*** SOURCE MATERIAL ***
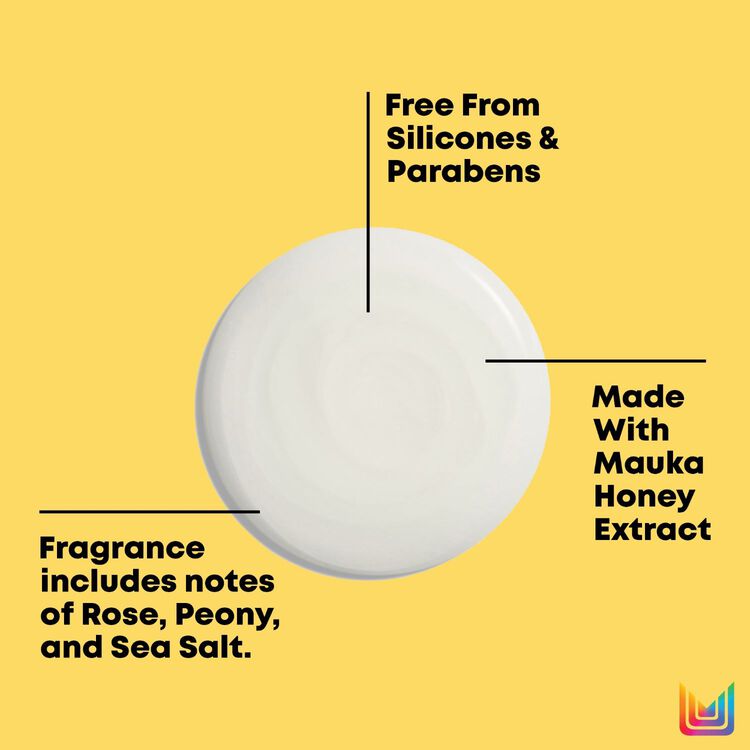 A Curl Can Dream Shampoo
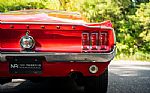 1968 Mustang 351W 4 Speed Restomod Thumbnail 24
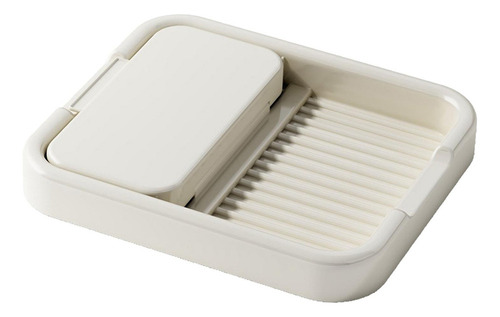 Soporte Para Tapa De Cocina, Soporte Para Cuchara, Soporte
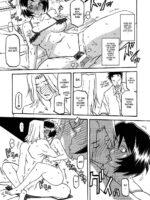 Yamahime no Mi -Satomi AFTER- page 6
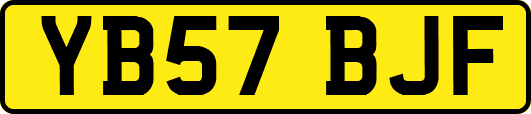 YB57BJF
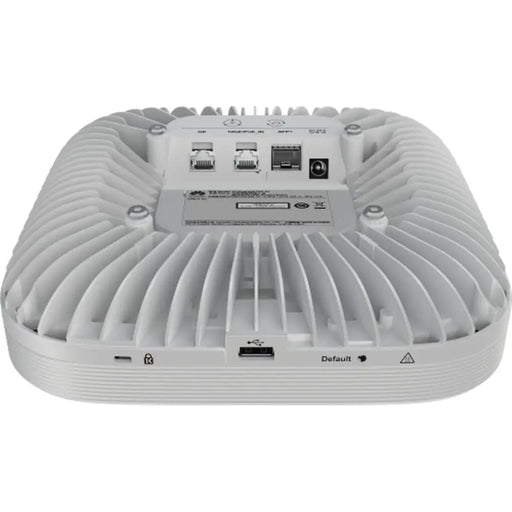 Wi-Fi Amplifier Huawei 02353GSJ-001 - Компютър Мрежи и компоненти<<<Компютри| Електроника<<<BigBuy&&&WIFI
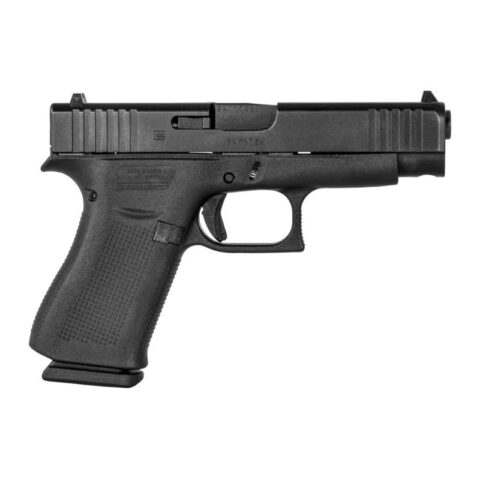 Glock-G48.jpg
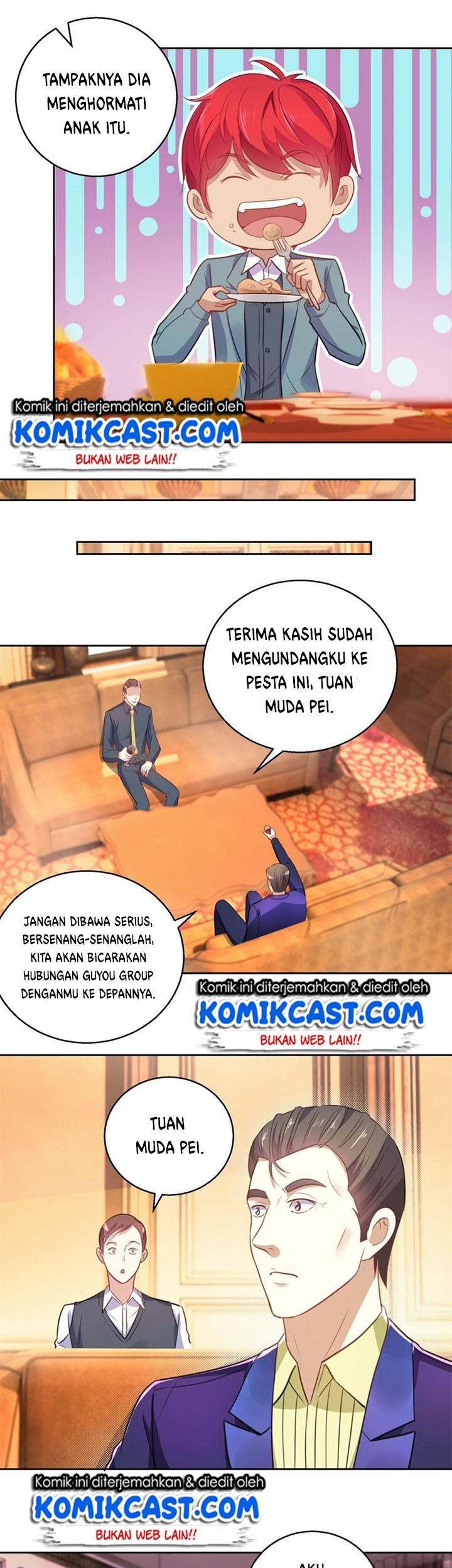 Halaman 14 dari 18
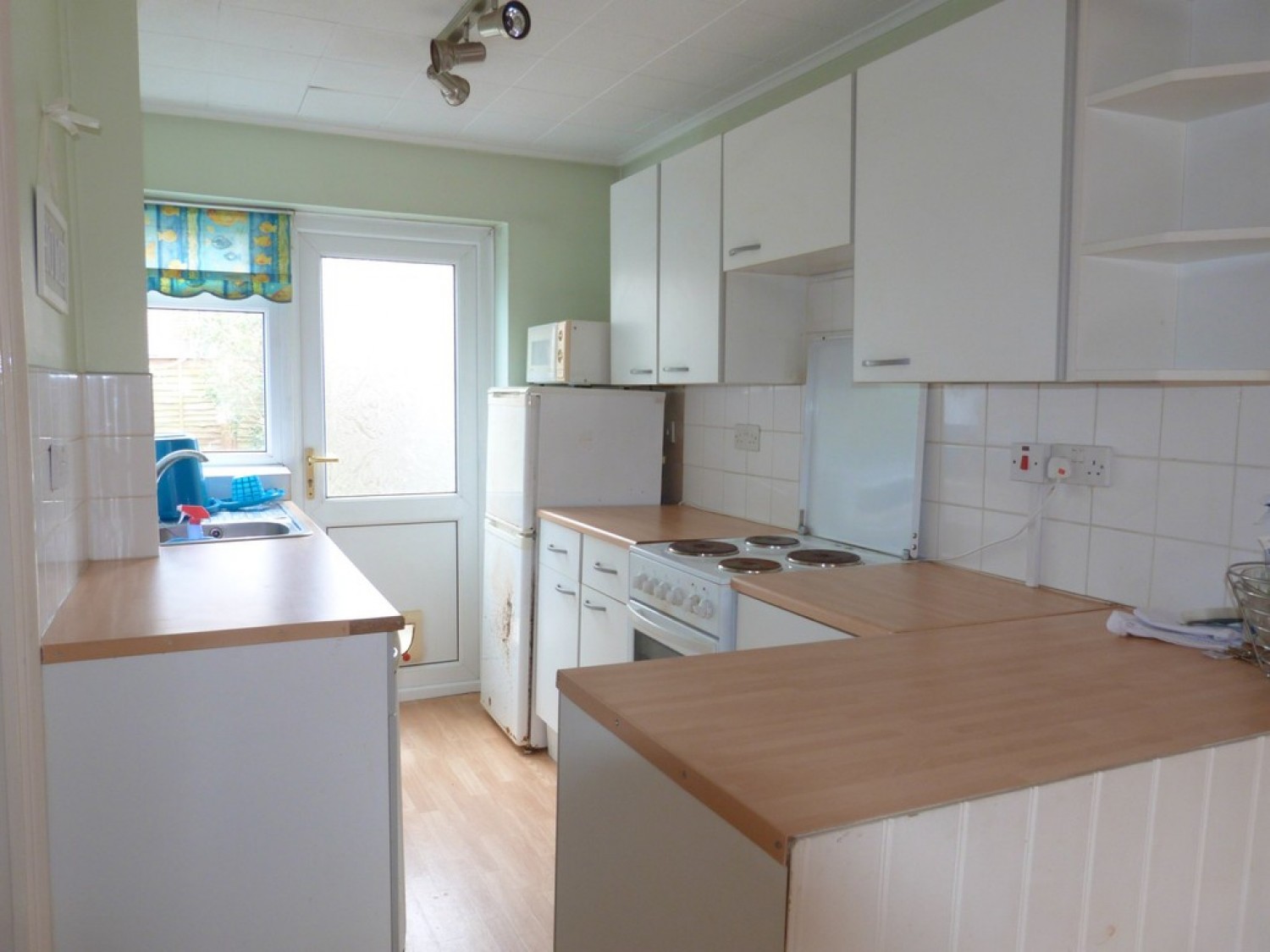 Maple Close, Hardwicke, Gloucester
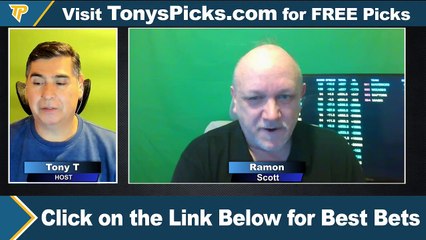 Live Free Expert NBA NHL NCAAB Picks - Predictions, 4/2/2022 Best Bets, Odds & Betting Tips | Tonys Picks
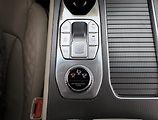 SsangYong Rexton (2022) 2.2 Diesel - náhled 11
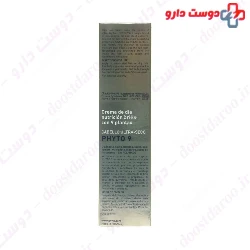 Phyto9 Cream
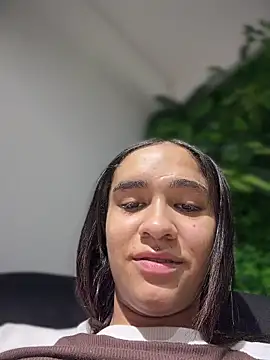 Snapshot of Isabella-Teen chatting on February 7, 2026, 1:20 am Isabella-Teen online show from February 7, 2026, 1:20 am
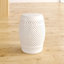 Dionysius Accent Stool-16542209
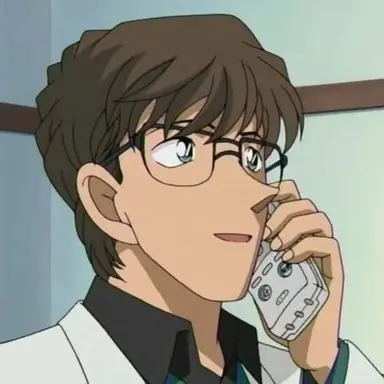 Profile image of 황시준
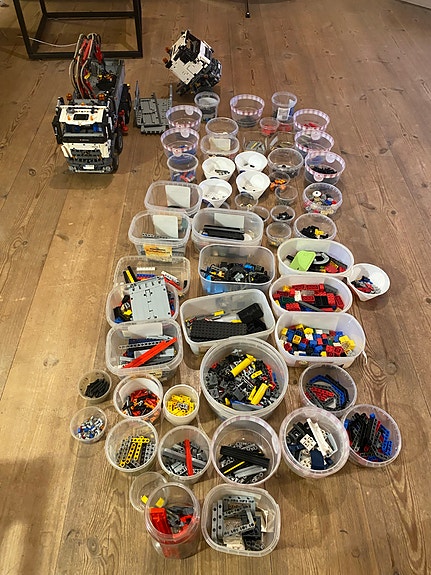 Product image 3 of 10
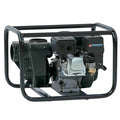 Motopompa AIRMEC LH 3 a Benzina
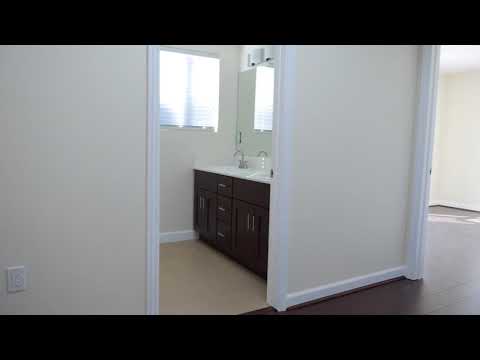 10206 Mountair Ave, Tujunga CA. Walk Through!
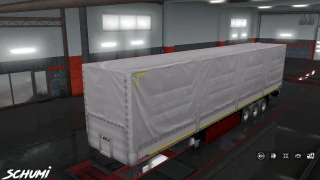 Trailer Schmitz Pack 1.3 thumbnail 4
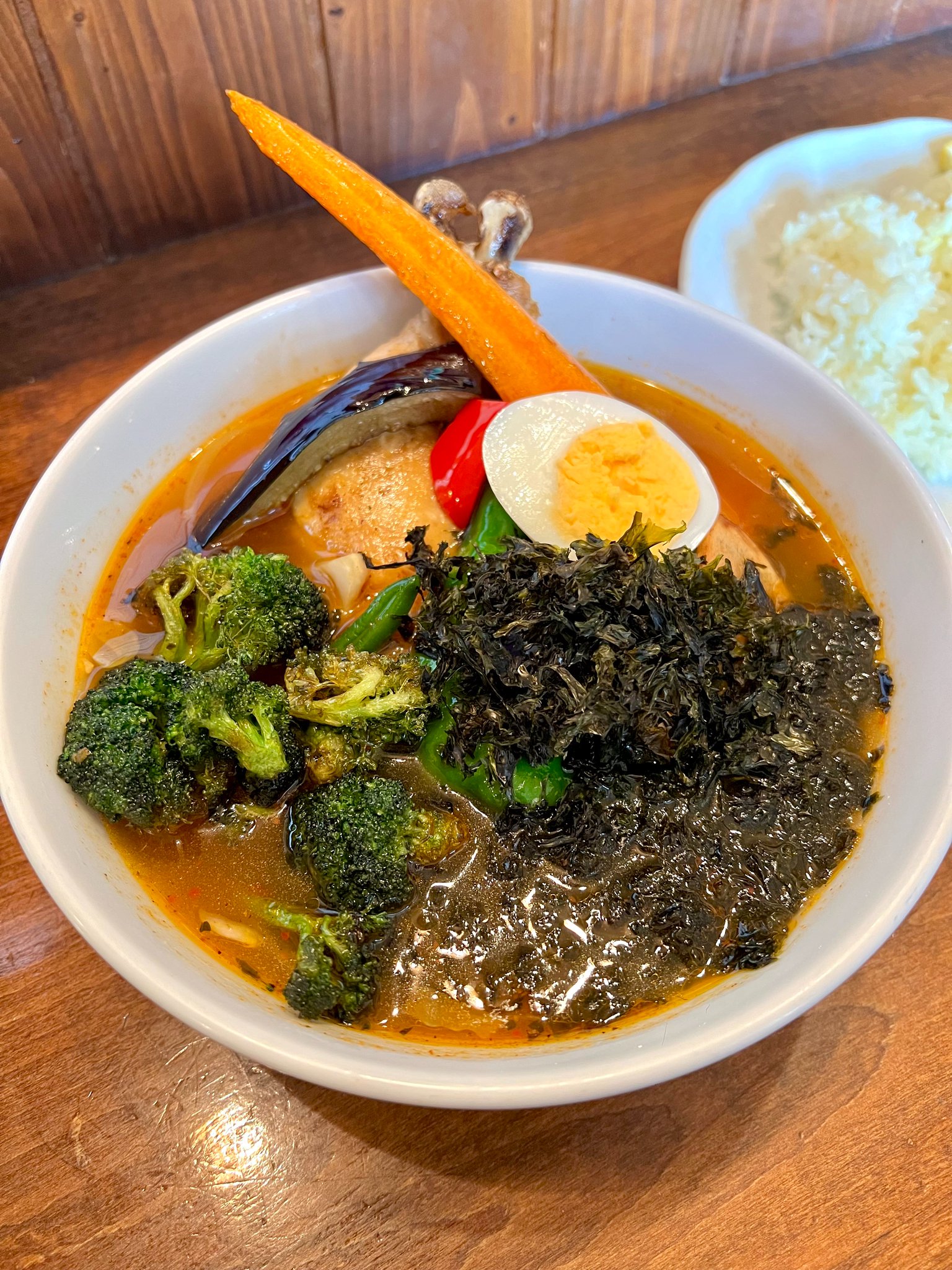 バスキンロビンス x ダンキンドーナツ　アドバタイジング　カーペット　看板 バスキンロビンス x ダンキンドーナツ アドバタイジング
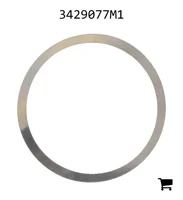 AGCO 3429077M1 Шайба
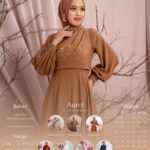 {aurel}-{dress}-bagus-cantik-jogja-lyfofficial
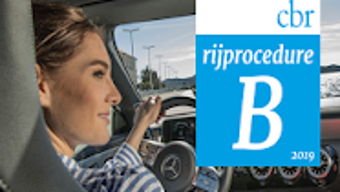 Bild 0 für 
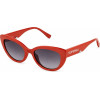 STING Sunglasses Women (Lens/Bridge/Temple) 53/19/140 mm) - (SST458-5309JT)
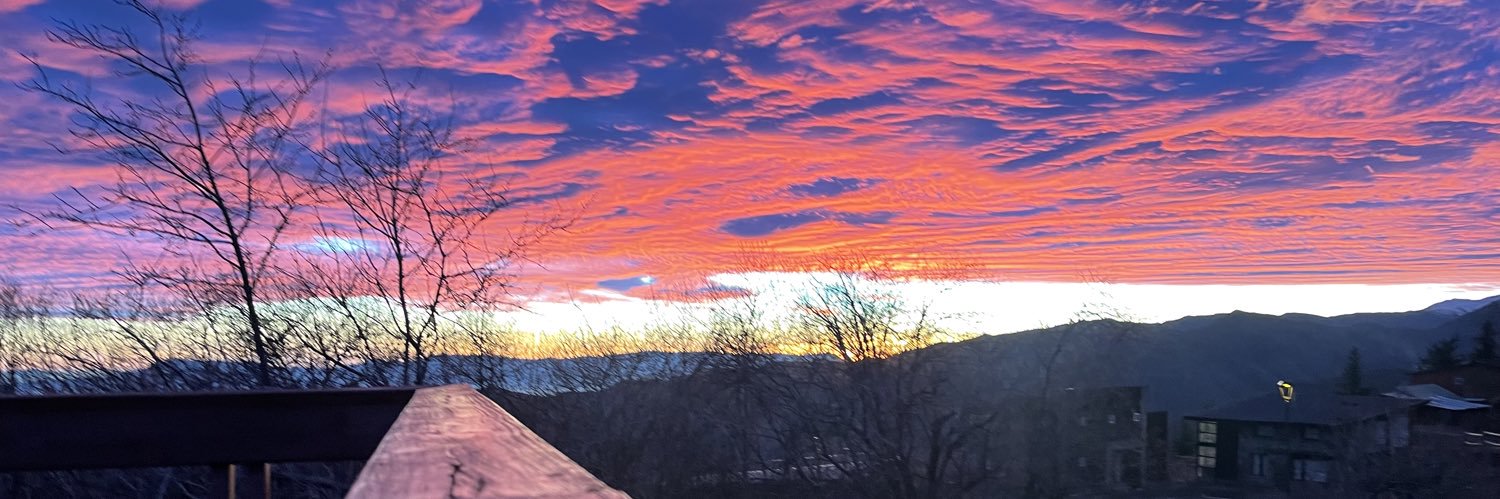 sammervictor's profile banner image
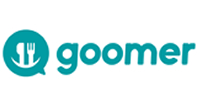 GOOMER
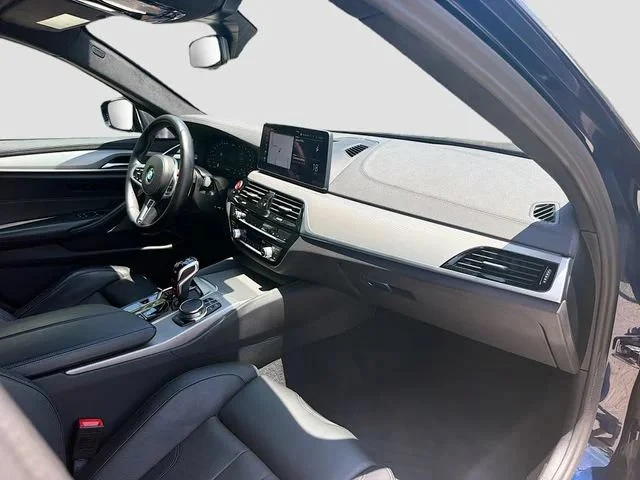 2023 BMW F90 M5 - Image 15 of 20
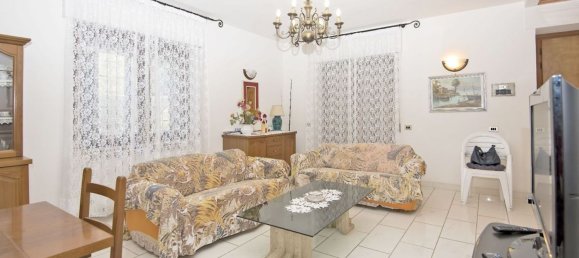 6غرفة فيلا في Grosseto, Italy رقم 166775 9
*** End of SOURCE MATERIAL ***
* **BRIEF**: Exact output of each line above is wanted, without the pictures.

* **ANSWER FOR THE TASK**:
 A Curl Can Dream Shampoo
 1968 Mustang 351W 4 Speed Restomod Thumbnail 24
 Soporte Para Tapa De Cocina, Soporte Para Cuchara, Soporte
 Yamahime no Mi -Satomi AFTER- page 6
 YB57BJF
 Wi-Fi Amplifier Huawei 02353GSJ-001 - Компютър Мрежи и компоненти<<<Компютри| Електроника<<<BigBuy&&&WIFI
 Glock-G48.jpg
 Halaman 14 dari 18
 Maple Close, Hardwicke, Gloucester
 Live Free Expert NBA NHL NCAAB Picks - Predictions, 4/2/2022 Best Bets, Odds & Betting Tips | Tonys Picks
 SsangYong Rexton (2022) 2.2 Diesel - náhled 11
 Phyto9 Cream
 Snapshot of Isabella-Teen chatting on February 7, 2026, 1:20 am Isabella-Teen online show from February 7, 2026, 1:20 am
 Dionysius Accent Stool-16542209
 Profile image of 황시준
 Product image 3 of 10
 Motopompa AIRMEC LH 3 a Benzina
 10206 Mountair Ave, Tujunga CA. Walk Through!
 Trailer Schmitz Pack 1.3 thumbnail 4
 バスキンロビンス x ダンキンドーナツ　アドバタイジング　カーペット　看板 バスキンロビンス x ダンキンドーナツ アドバタイジング
 AGCO 3429077M1 Шайба
 {aurel}-{dress}-bagus-cantik-jogja-lyfofficial
 Bild 0 für 
 STING Sunglasses Women (Lens/Bridge/Temple) 53/19/140 mm) - (SST458-5309JT)
 sammervictor's profile banner image
 GOOMER
 2023 BMW F90 M5 - Image 15 of 20
 6غرفة فيلا في Grosseto, Italy رقم 166775 9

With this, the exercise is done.